Showing posts with label icmp. Show all posts
Showing posts with label icmp. Show all posts

Thursday, June 14, 2012

Network Management at EMC World 2012

[EMC World 2012 Man - courtesy: computerworld]

Network Management at EMC World 2012

Abstract:
EMC purchase network management vendor SMARTS with their InCharge suite, a number of years ago, rebranding the suite as Ionix. EMC purchased Voyence, rebranding it as NCM (Network Configuration Manager). After EMC World 2012, they completed the acquisition of Watch4Net APG (Advanced Performance Grapher.) The suite of these platforms is now being rolled into a single new brand called EMC IT Operations Intelligence. EMC World 2012 was poised to advertize the new branding in a significant way.
Result:
EMC World 2012 in Las Vegas, Nevada was unfortunately pretty uneventful for service providers. Why was it uneventful?
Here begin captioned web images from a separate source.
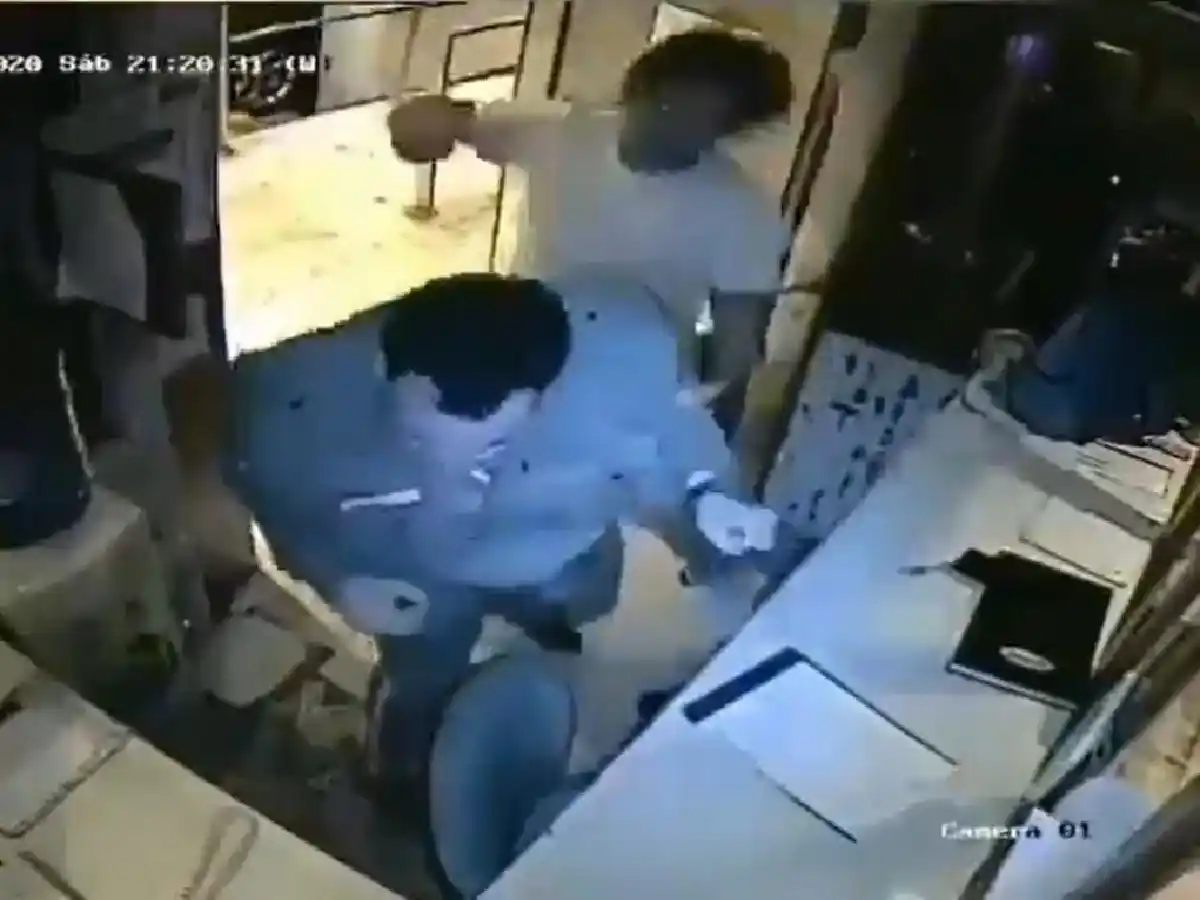 La feroz golpiza de un hombre que no habría cumplido con la cuarentena a un guardia que lo advirtió por su comportamiento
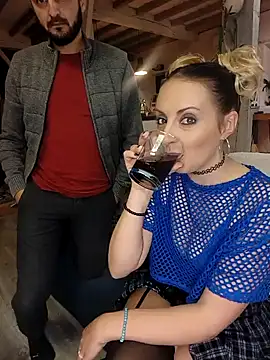 Snapshot of Jade_Emeraud chatting on February 2025 06:42:02 PM Jade Emeraud online show from February 2025 06:42:02 PM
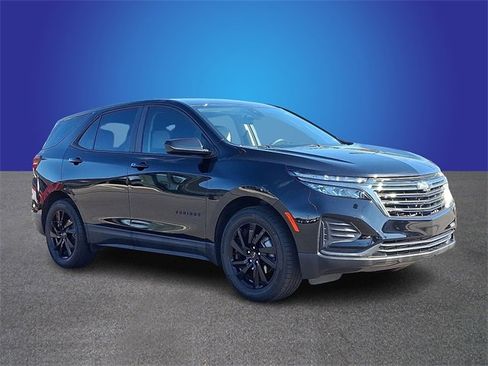 Used 2024 Chevrolet Equinox LS w/ Midnight Edition image 3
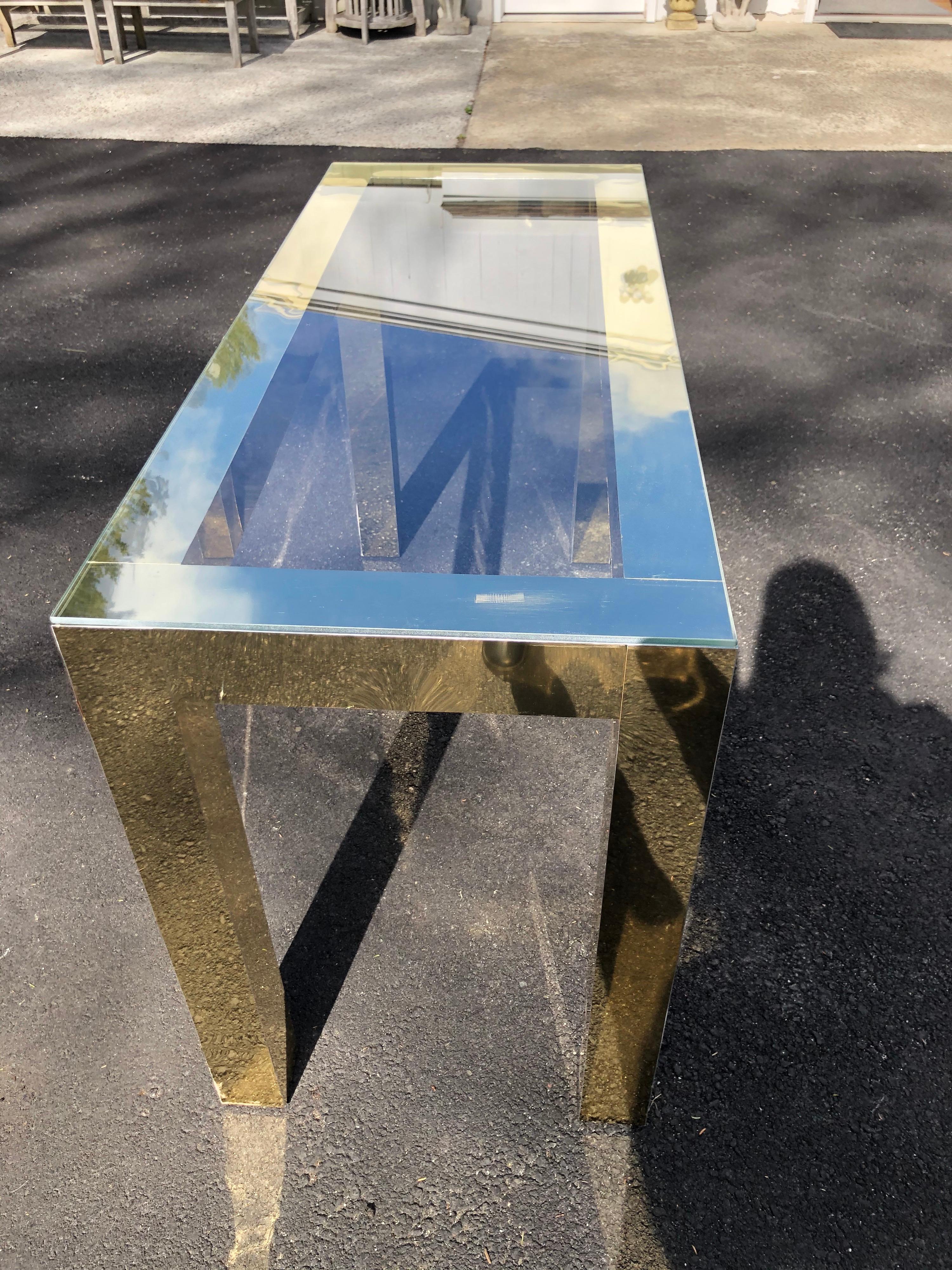 Mid-Century Modern Brass and Glass Console For Sale 3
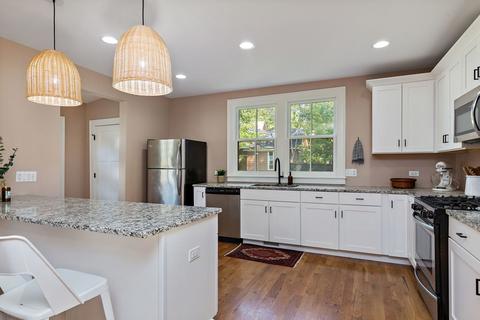 273 N Spring St, Elgin, IL 60120 photo 3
The labs for EMC IT Operations Intelligence did not function. There were a lot of other labs, which functioned, but not the Network Management labs. EMC World 2012 was a sure "shot-in-the-head" for demonstrating, to service providers, the benefits of running EMC Network Management tools in a VM.

After 7 days, EMC could not get their IT Operations Intelligence Network Management Suite running in a VMWare VM.

Background:
Small customers may host their network management tools in a VMWare VM. Enterprises will occasionally implement their network management systems on smaller systems, where they know they will get deterministic behavior from the underlying platform.
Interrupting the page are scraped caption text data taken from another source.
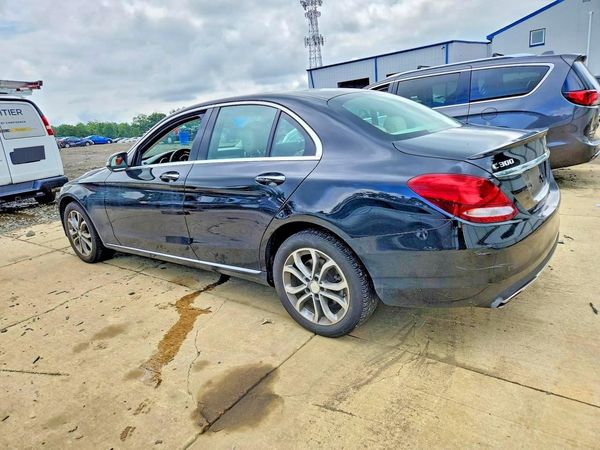 2016 MERCEDES-BENZ C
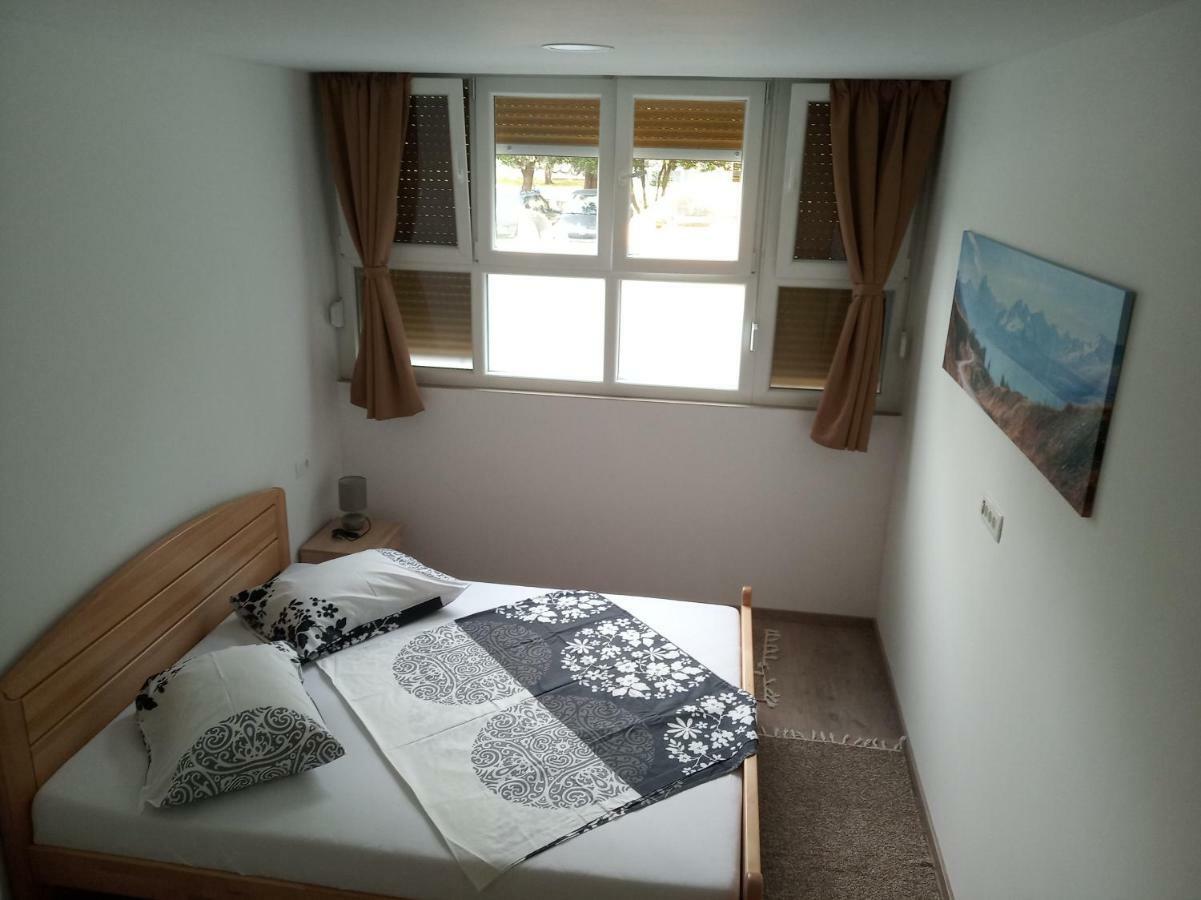 Odyssey Apartment Split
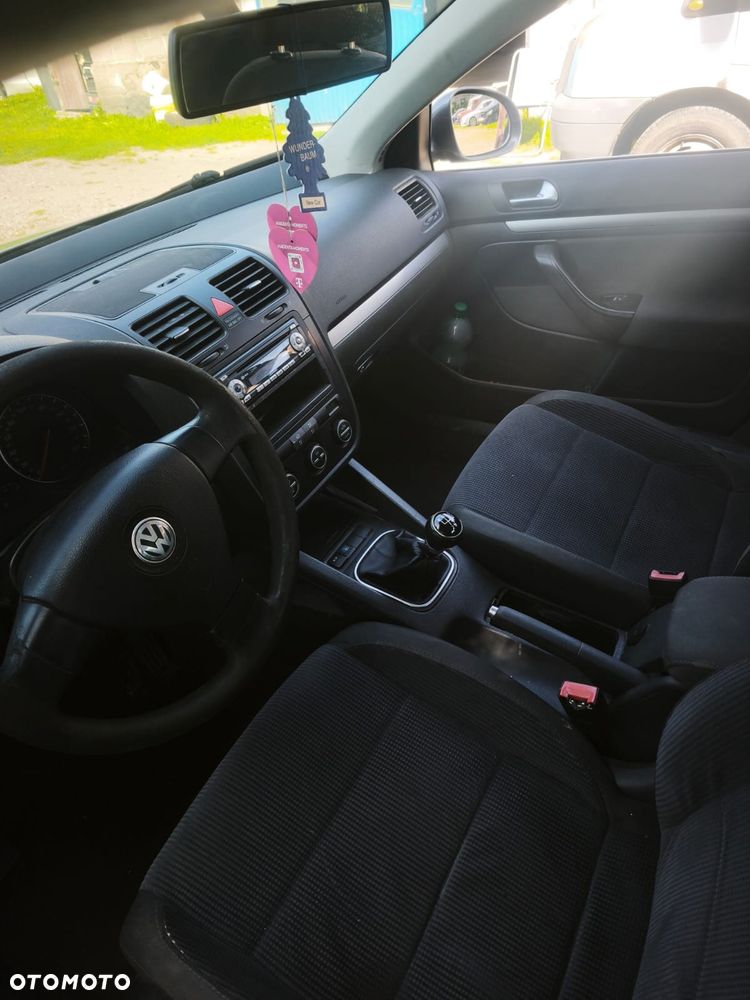 Volkswagen Jetta - 4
Service Providers traditionally run their mission critical network management systems on larger UNIX Systems, so as to provide instant scalability (swap in CPU boards) and 99.999 availability (reboot once-a-year, whether they need to or not.)

The platform of choice in the Service Provider market for scalable Network Management platforms has been SPARC Solaris, for decades... clearly, for a reason. This was demonstrated well at EMC World 2012.

The Problem:
Why not host a network management platform in a VMWare infrastructure? Besides, the fact that EMC could not make it happen, after 1 year of preparation, and 7 days of struggling... there are basic logistics.

Network Management is dependent upon ICMP and SNMP. Both of these protocols are "connectionless protocols" - sometimes referred to as "unreliable protocols". Why would a network management platform use "unreliable protocols"?

The IETF understands that network management should always be light (each poll is a single packet, while a TCP protocol requires a 3-way handshake to start the transaction, poll the single packet, then break down with another 3-way handshake. Imagine doing this for thousands of devices every x seconds - not very light-weight, not very smart. A "connection based protocol" will also hide the nature of an unreliable underlying network, which is what a network management platform is supposed to expose - so it can be fixed.

Now stick a network management platform in a VM, where the network connection from the VM (holding an operating system, with a TCP/IP stack), going down through the hypervisor (which is another operating system, with another TCP/IP stack, which is also sharing the resources of that VM with other VM's.) If there is the slightest glitch in the VM or the hypervisor, which may cause the the packets to be queued or dropped - the actual VMWare infrastructure will signal to the Network Management Centers that there is a network problem, in their customer's network!

Politics:
Clearly, someone at EMC does not understand Network Management, nor do they understand Managed Service Providers.

The Network Management Platform MUST BE ROCK SOLID, so the Network Operations Center personnel will NEVER mistake a alerts in their console from a customer's managed device as a local performance issue in their VM.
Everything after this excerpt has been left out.